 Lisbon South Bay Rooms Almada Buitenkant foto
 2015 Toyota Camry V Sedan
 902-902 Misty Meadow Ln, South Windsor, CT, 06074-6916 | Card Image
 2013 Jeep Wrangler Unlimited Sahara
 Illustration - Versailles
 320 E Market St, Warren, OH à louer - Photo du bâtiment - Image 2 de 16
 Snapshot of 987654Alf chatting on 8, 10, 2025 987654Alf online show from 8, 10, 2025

* * *

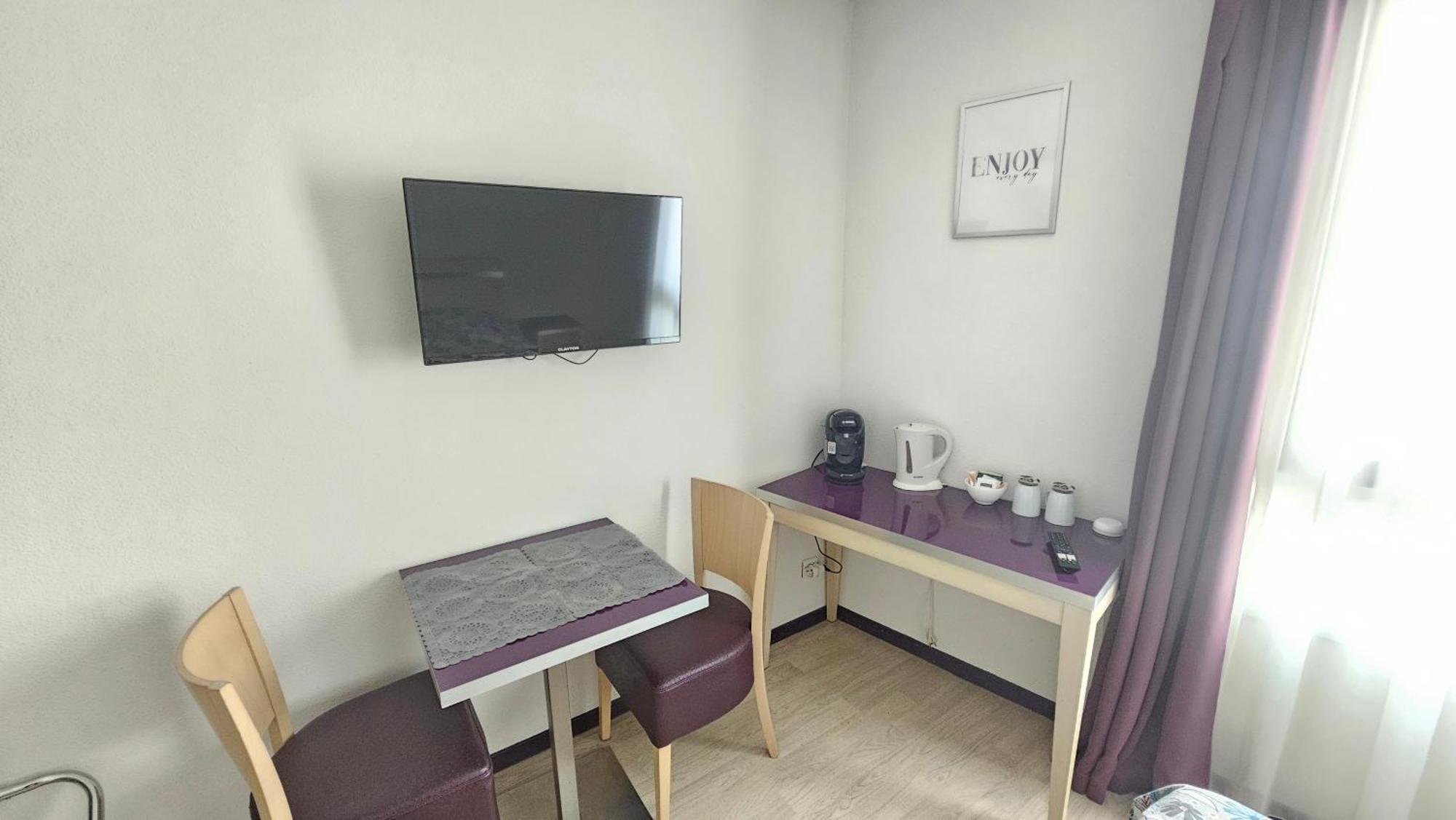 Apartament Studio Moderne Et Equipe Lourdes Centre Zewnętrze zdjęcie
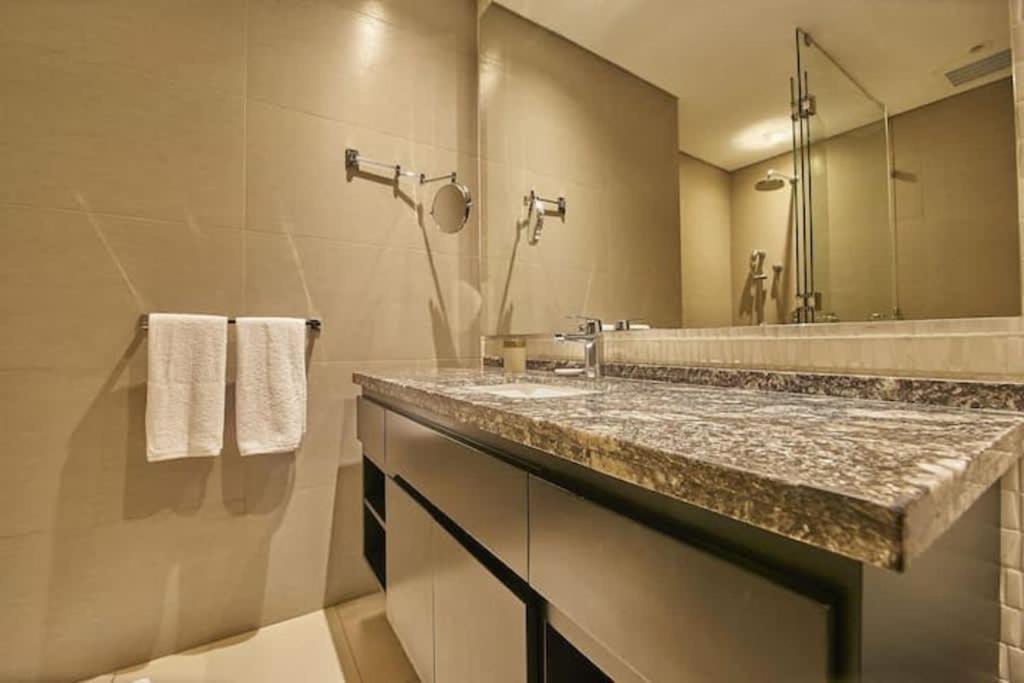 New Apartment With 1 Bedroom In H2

PROBLEM TO SOLVE ->
Report how many lines in the data include the string "South", giving nothing but that number.

ANSWER TO THIS TASK ->
2